> [DESCRIPTION OF THE TASK] Upon reaching the line that contains "Mp3 - After Journey lyrics" in the records below, begin repeating every line exactly through the last one, skipping pictures.

> [RECORDS PROVIDED]
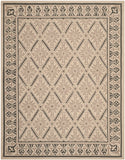Safavieh Vermont FRS487 Hand Hooked Rug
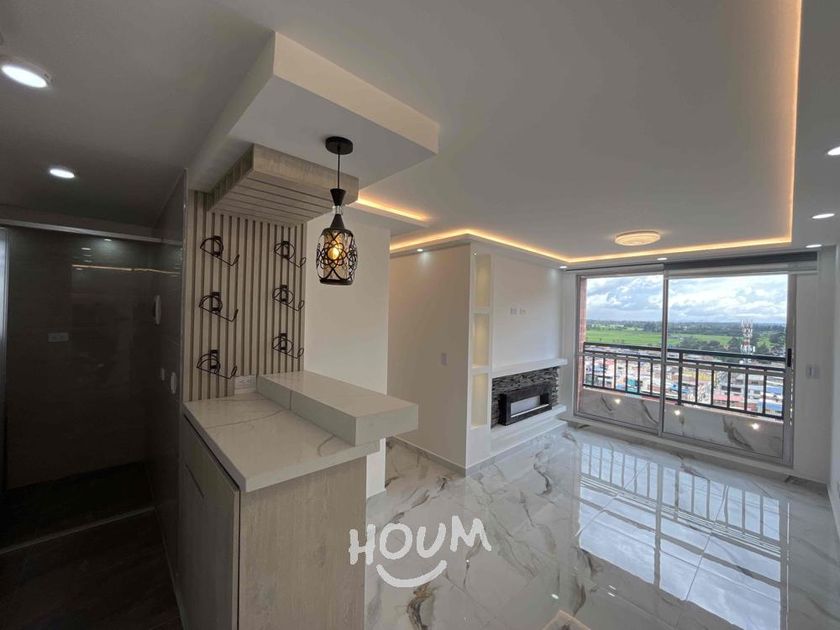 Apartamento en arriendo Florencia, Occidente en Florencia
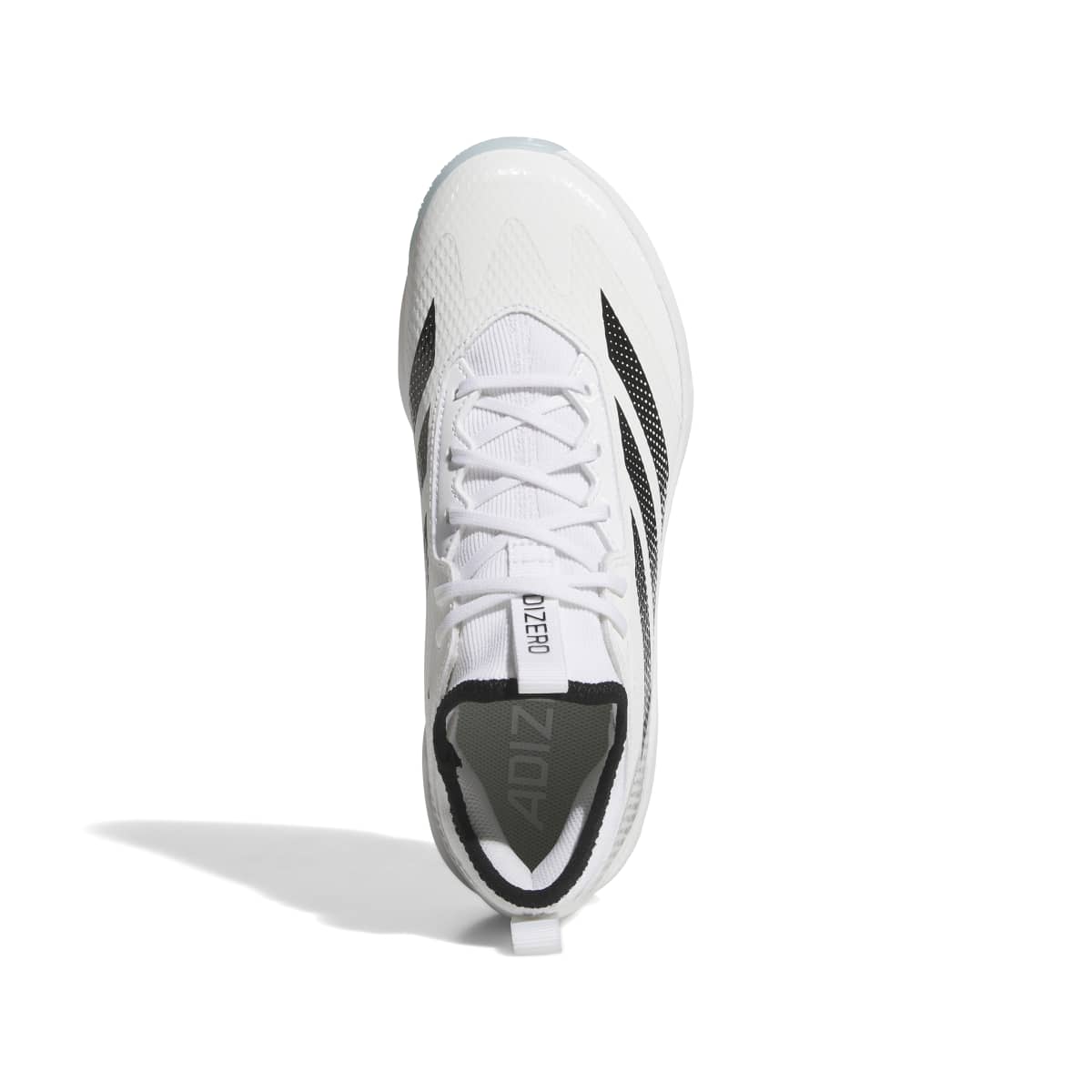 adidas Women's Adizero Instinct Turf 2.0 Softball Shoe League Outfitters adidas Women's Adizero Instinct Turf 2.0 Softball Shoe League Outfitters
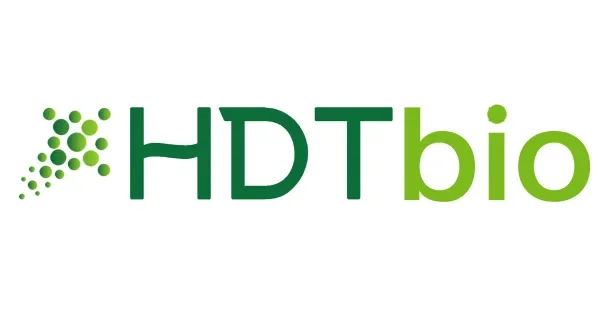 A New Approach to Treating Brain Cancer: HDT Bio Launches Canadian Clinical Program at McGill University
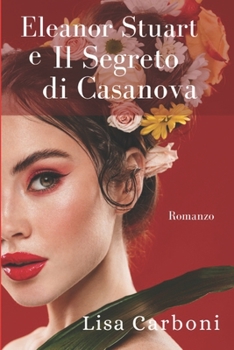 Paperback Il Segreto di Casanova [Italian] Book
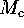 tex2html_wrap_inline9339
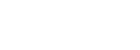 Museo Logo in white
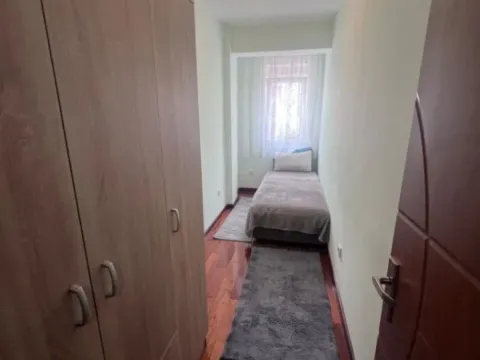 Rent, one bedroom apartment, 65m², Zabjelo, Podgorica - image 4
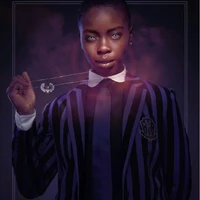Bianca Barclay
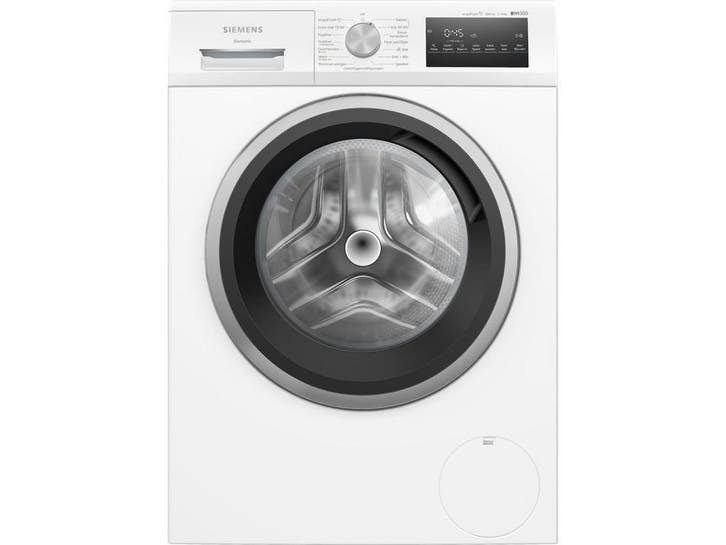 Siemens WM14N27ONL - iQ300 - Wasmachine 9 kg 1400 rpm stoom, Electroménager, Lave-linge, Envoi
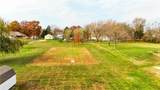 427 Pine Street - Photo 45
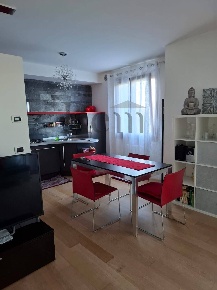 Foto Appartamento in VIA LARGO MULINO 1, Villorba Lancenigo Villorba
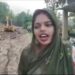 सरकार झुकती है, झुकाने वाला चाहिए!! मध्यप्रदेश के सीधी जिले में सड़क के मांग को लेकर वायरल लीला साहू ने साबित कर दिया कि अपने हक अधिकार की भीख मत मांगो*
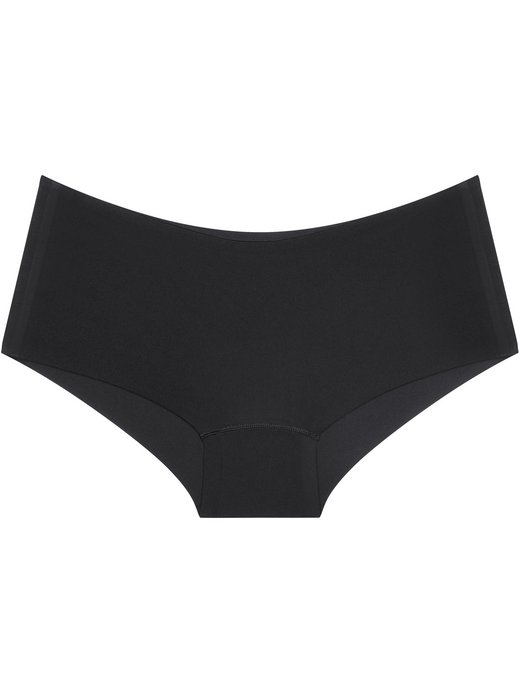 Damen Panty  -  Red Label Smart Invisible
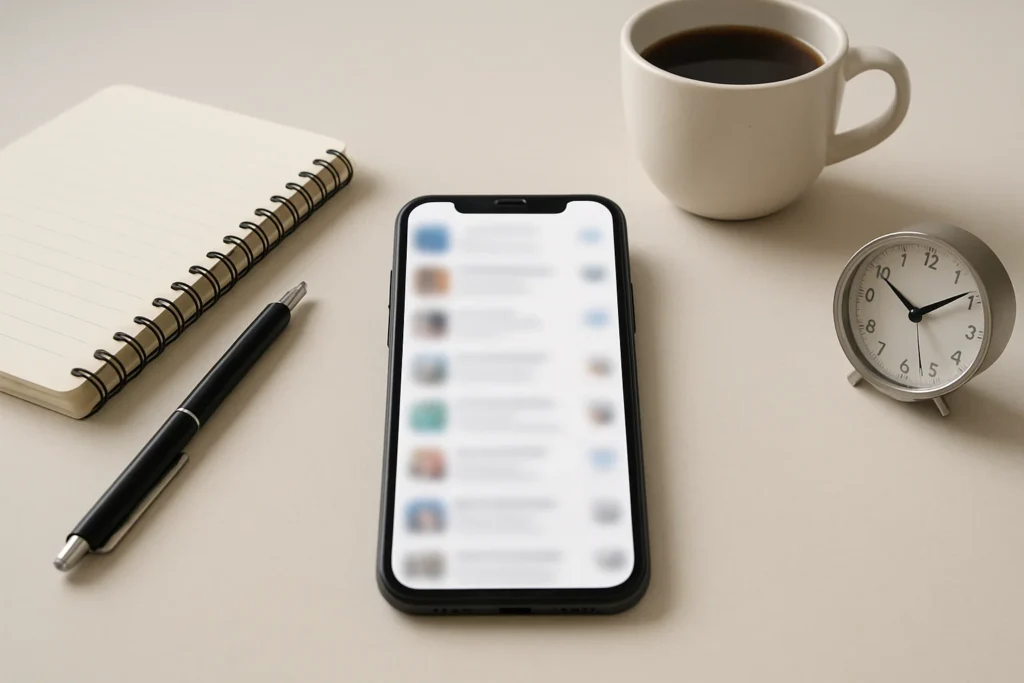 Task 01kchxh3tqfj9sv75050vn30z4 1765832997 Img 1 1024x683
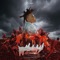 Mp3 - After Journey lyrics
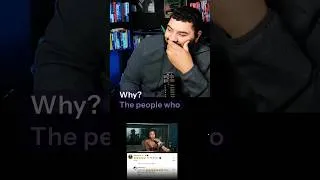 Thumbnail: Drake’s ICEMAN Diss Has The West Coast Shook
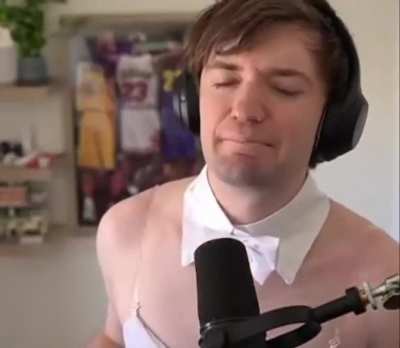 when you see pretty lady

> [EXERCISE SOLUTION]
 Mp3 - After Journey lyrics
 Thumbnail: Drake’s ICEMAN Diss Has The West Coast Shook
 when you see pretty lady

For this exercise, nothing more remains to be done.